**Task goal**
From the line containing "VT license plate XQE131" to the last line of the records below, transcribe everything exactly, pictures excluded.
___ Data ___
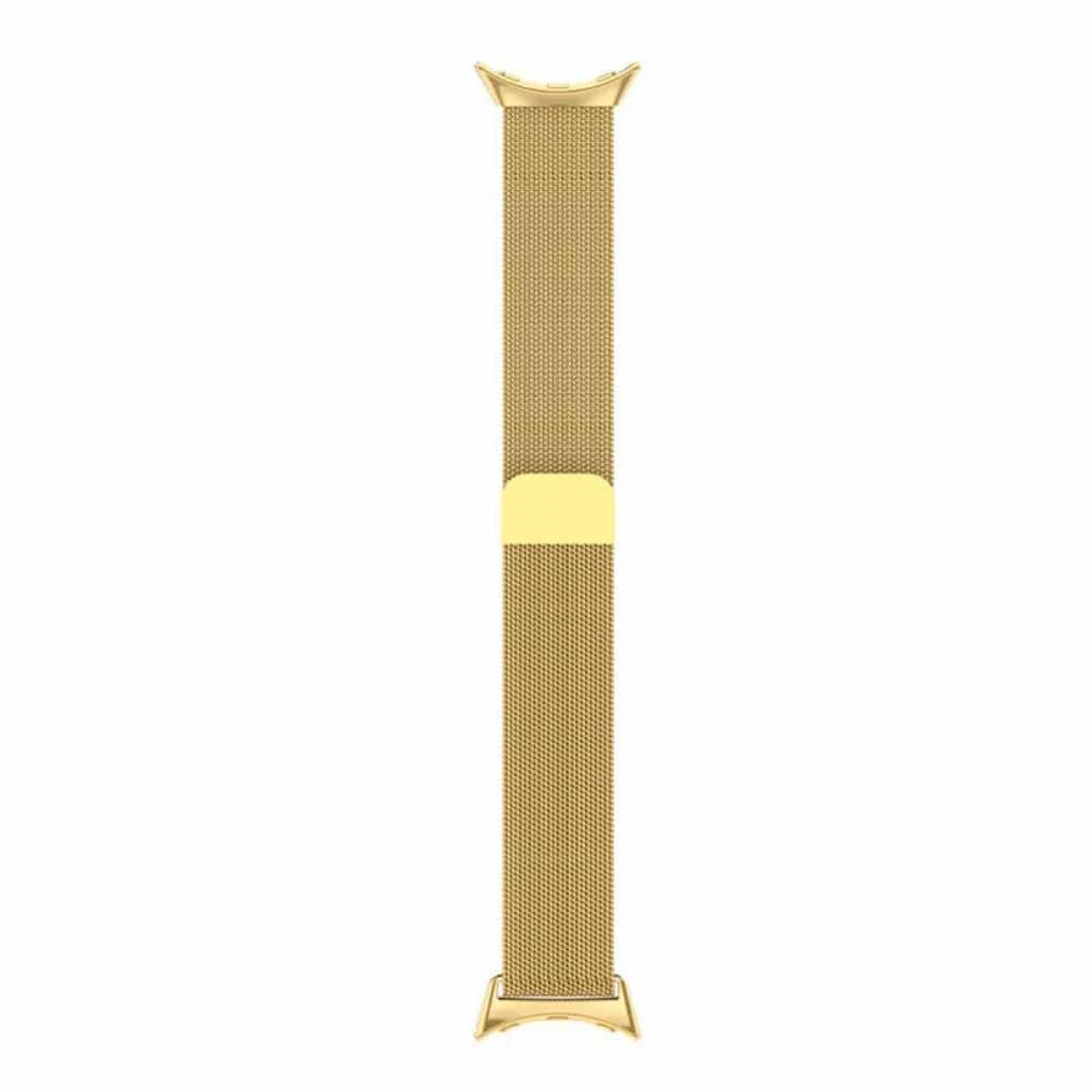 Goldenes Metallgeflecht-Uhrenarmband mit goldenen Verschlüssen, zentriert auf weißem Hintergrund.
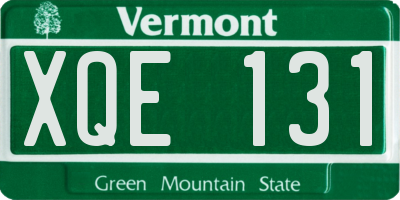 VT license plate XQE131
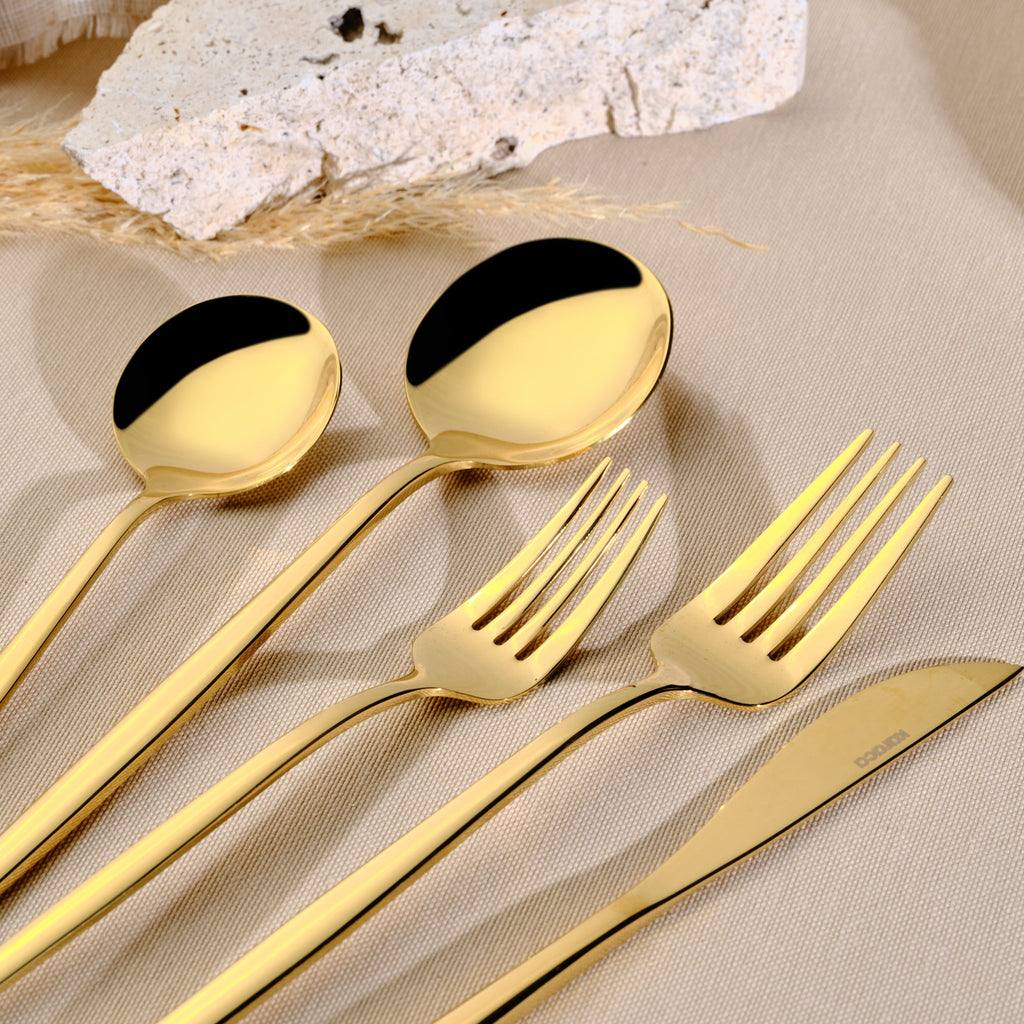 Set De Couverts Karaca Orion Shiny Gold Pour 12 Personnes, 60 Pièces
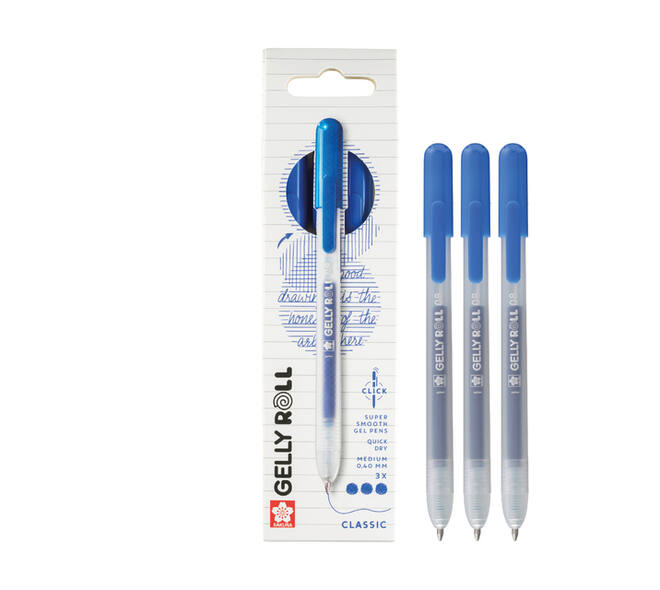 Gelschrijver Sakura Gelly Roll Classic 08 klikfunctie blauw 3 stuks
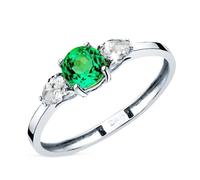Bague en or blanc 18 carats sertie de diamants de laboratoire et d'une émeraude, 5 mm, 0,48 ct, 0,29 ct, pureté VS2-E 52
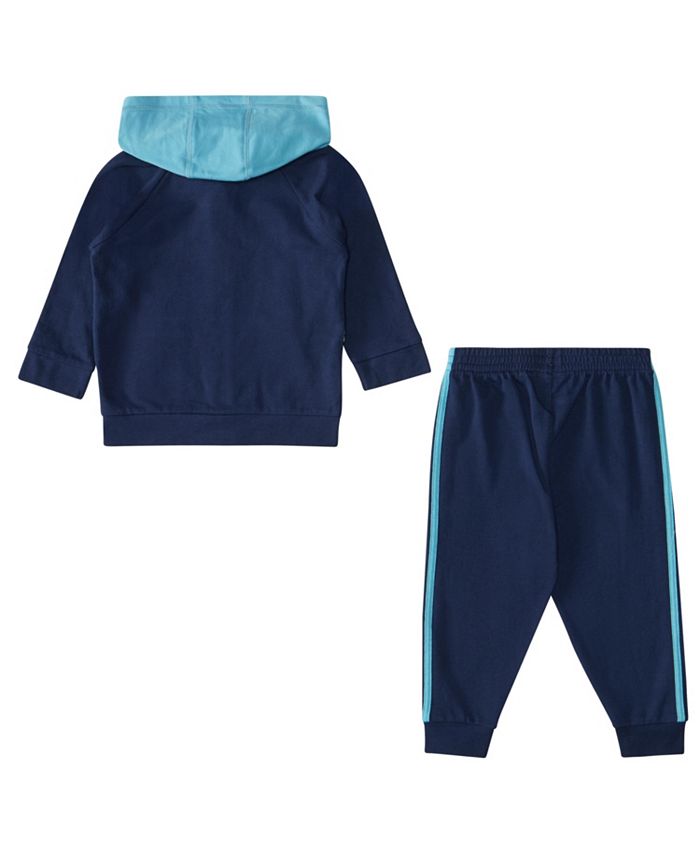 adidas Baby Boys Color Block Long Sleeve Jacket and Pants, 2 Piece Set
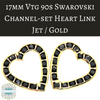 2 pcs) 17mm Vintage Swarovski Channel-set Heart Links in Jet Black and Gold
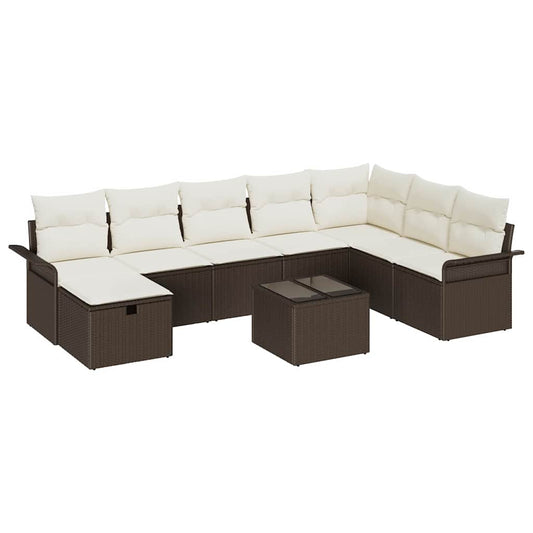Garten-Sofa-Set mit Kissen mit Speicher 9 pcs Braun Poly Rattan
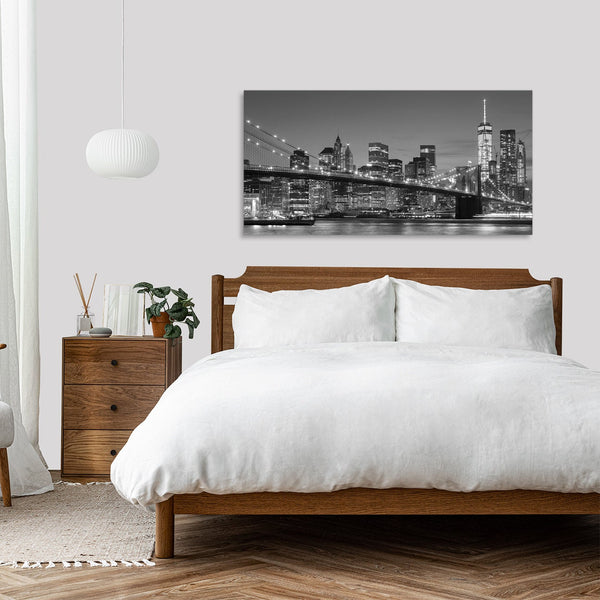 Quadro Stampa su Tela con Telaio in Legno paesaggio new york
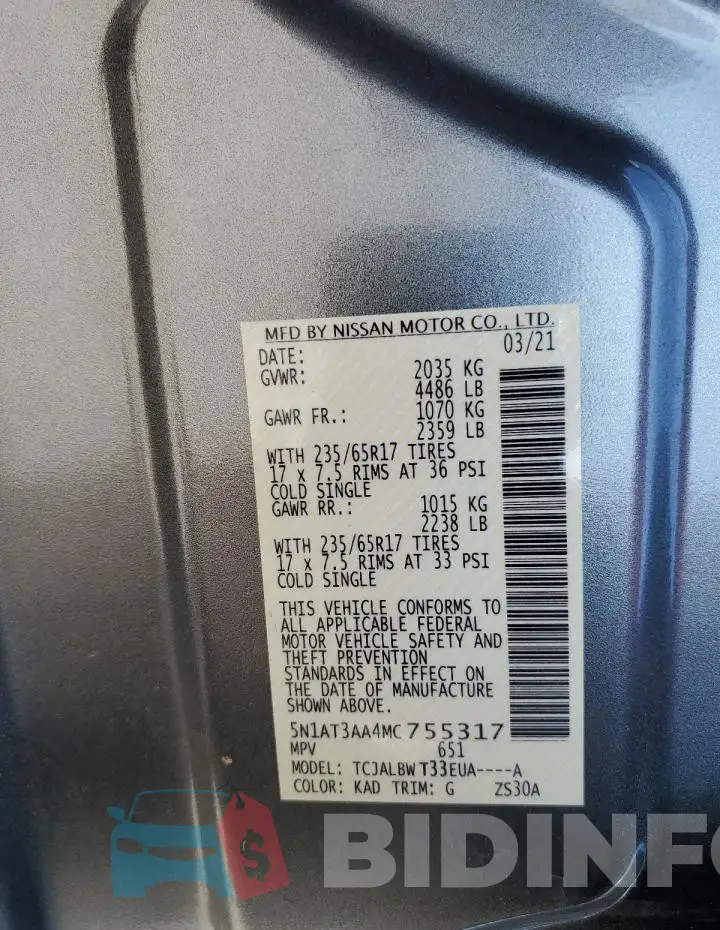 5N1AT3AA4MC755317 Photo# 13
___
**Exercise output**
 VT license plate XQE131
 Set De Couverts Karaca Orion Shiny Gold Pour 12 Personnes, 60 Pièces
 Gelschrijver Sakura Gelly Roll Classic 08 klikfunctie blauw 3 stuks
Bague en or blanc 18 carats sertie de diamants de laboratoire et d'une émeraude, 5 mm, 0,48 ct, 0,29 ct, pureté VS2-E 52
 adidas Baby Boys Color Block Long Sleeve Jacket and Pants, 2 Piece Set
 2 pcs) 17mm Vintage Swarovski Channel-set Heart Links in Jet Black and Gold
Garten-Sofa-Set mit Kissen mit Speicher 9 pcs Braun Poly Rattan
 Quadro Stampa su Tela con Telaio in Legno paesaggio new york
 5N1AT3AA4MC755317 Photo# 13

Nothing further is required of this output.